[Caption-style text data]
++++++++++

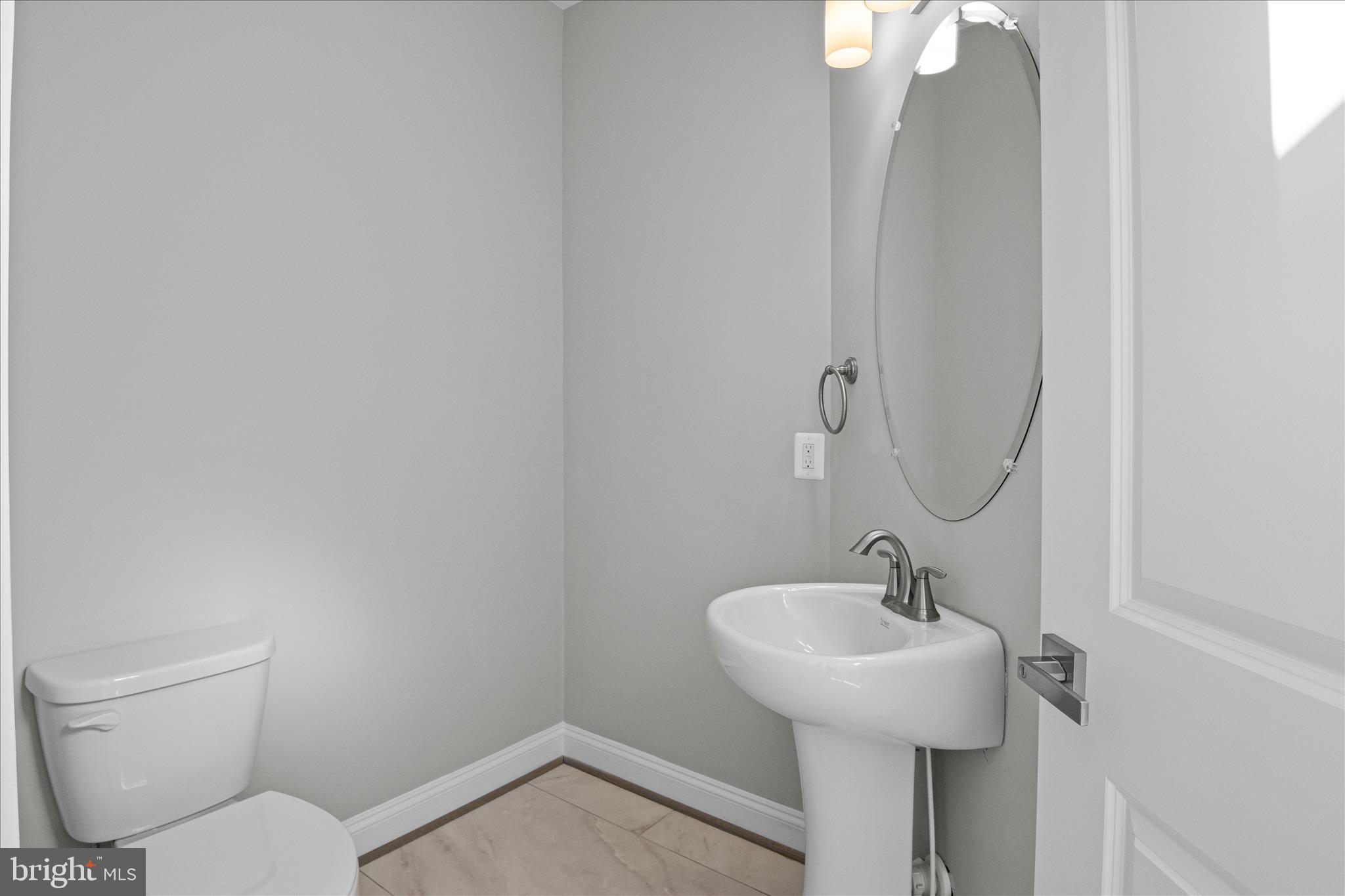 FORT WASHINGTON - Residential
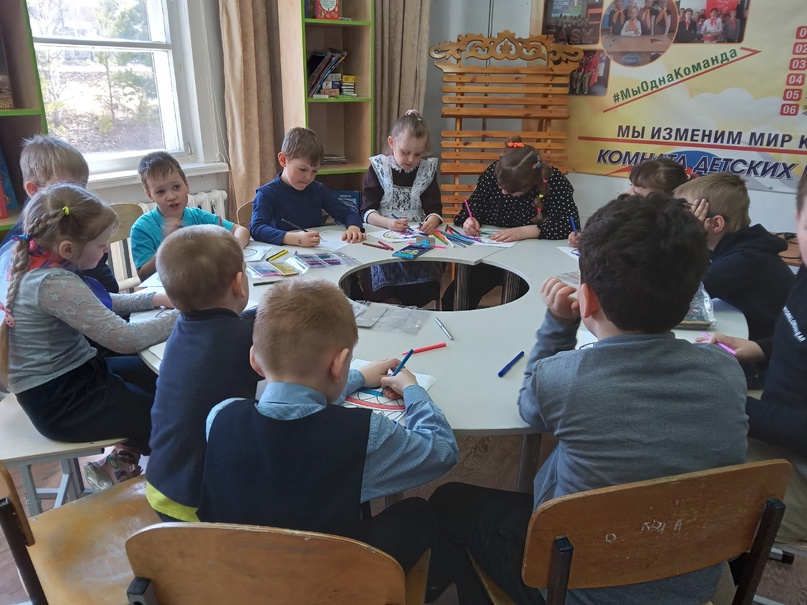 В канун Светлой Пасхи, с целью духовно-нравственного воспитания, юные Орлята России посетили комнату детских инициатив..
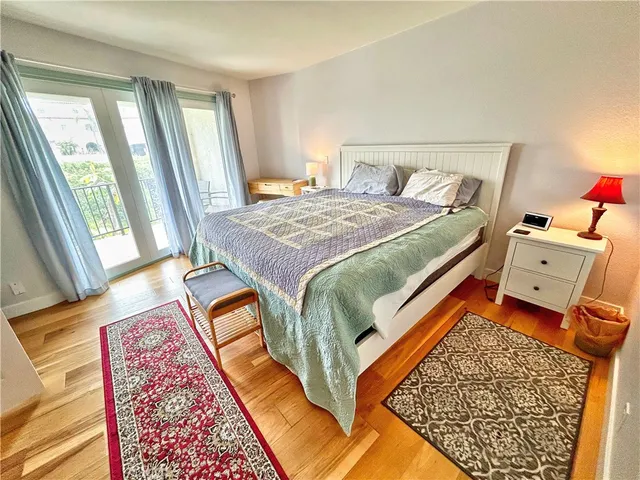 a view of a backyard with plants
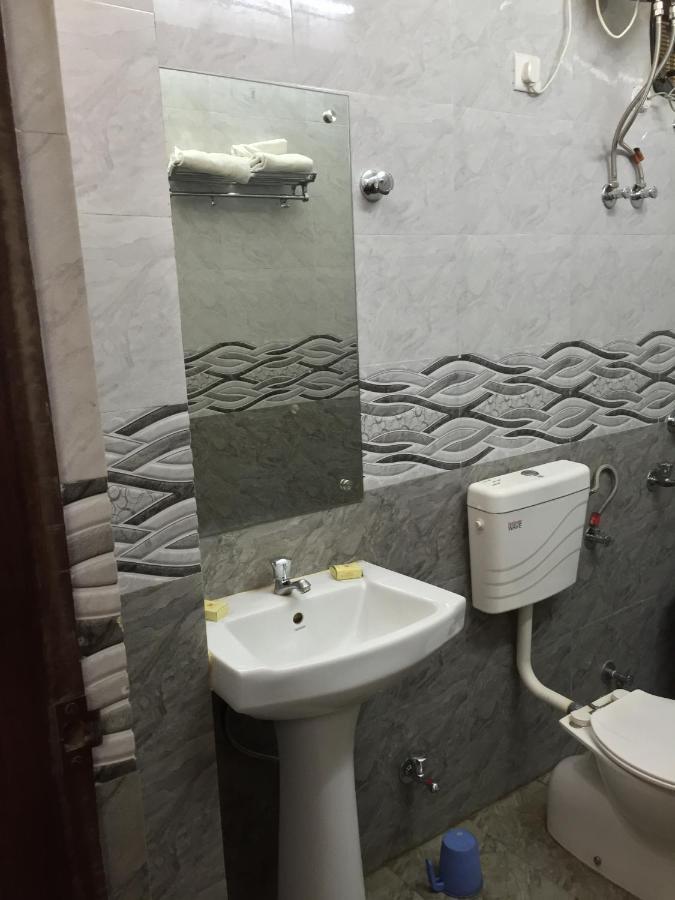 Hotel Lalit Palace Babina Ngoại thất bức ảnh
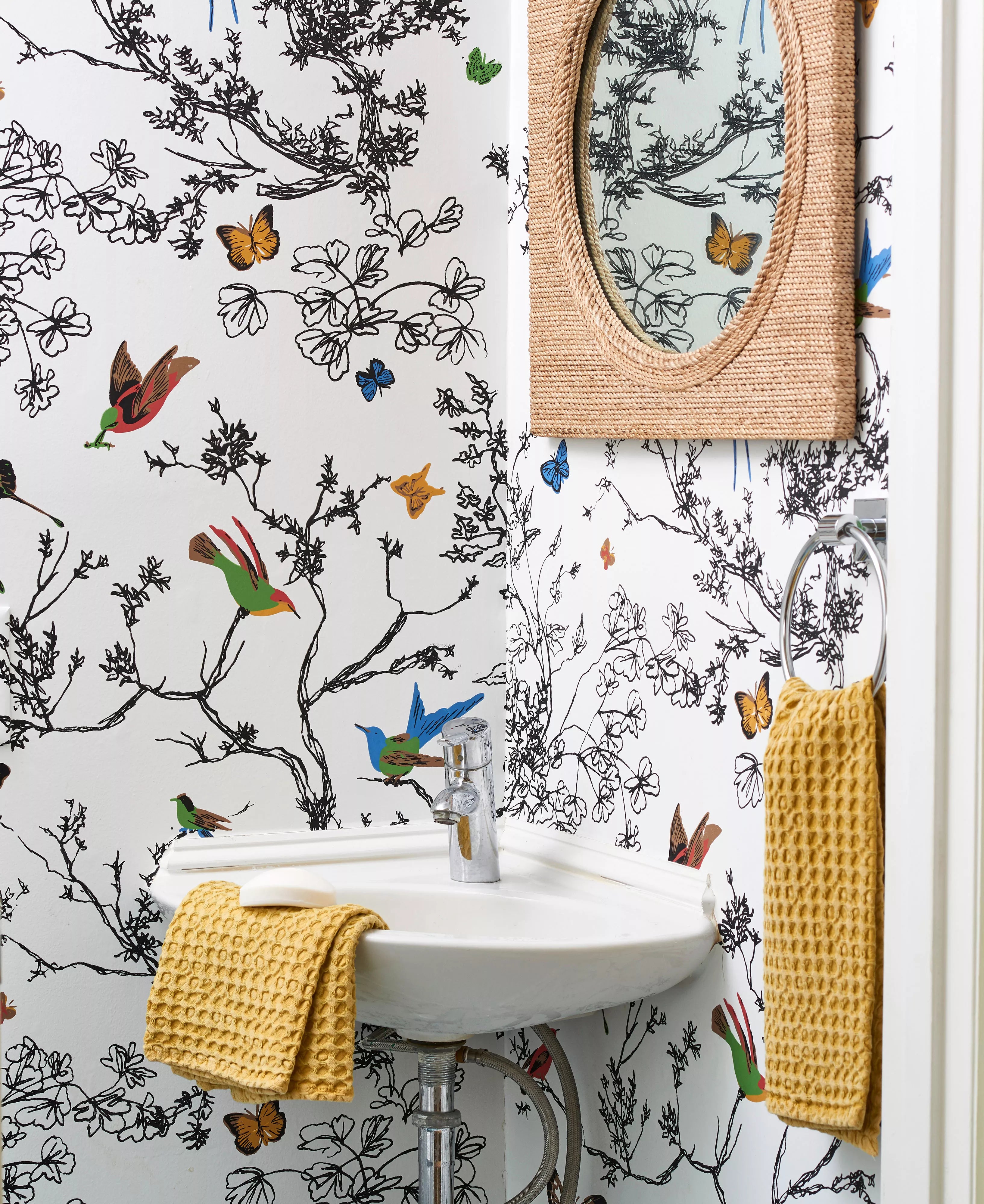 Quiet Cottage Walls: Bedroom Wallpaper Ideas With Gentle Vintage Charm - Tomono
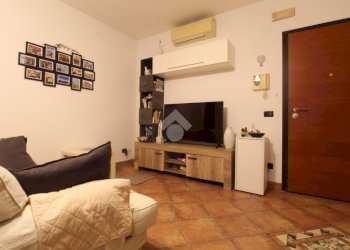 Trilocale Via luzi, Cadelbosco di Sopra - foto 9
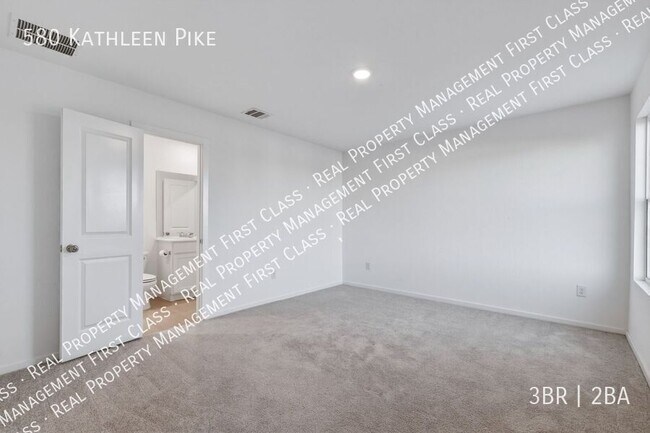 Building Photo - 580 Kathleen Pike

++++++++++

--- What to produce ---
Where the line containing "Hotel Lalit Palace Babina Ngoại thất bức ảnh" appears in the data above, begin there and output every line through the last, exactly and without pictures.

--- Solution to this exercise ---
 Hotel Lalit Palace Babina Ngoại thất bức ảnh
 Quiet Cottage Walls: Bedroom Wallpaper Ideas With Gentle Vintage Charm - Tomono
 Trilocale Via luzi, Cadelbosco di Sopra - foto 9
 Building Photo - 580 Kathleen Pike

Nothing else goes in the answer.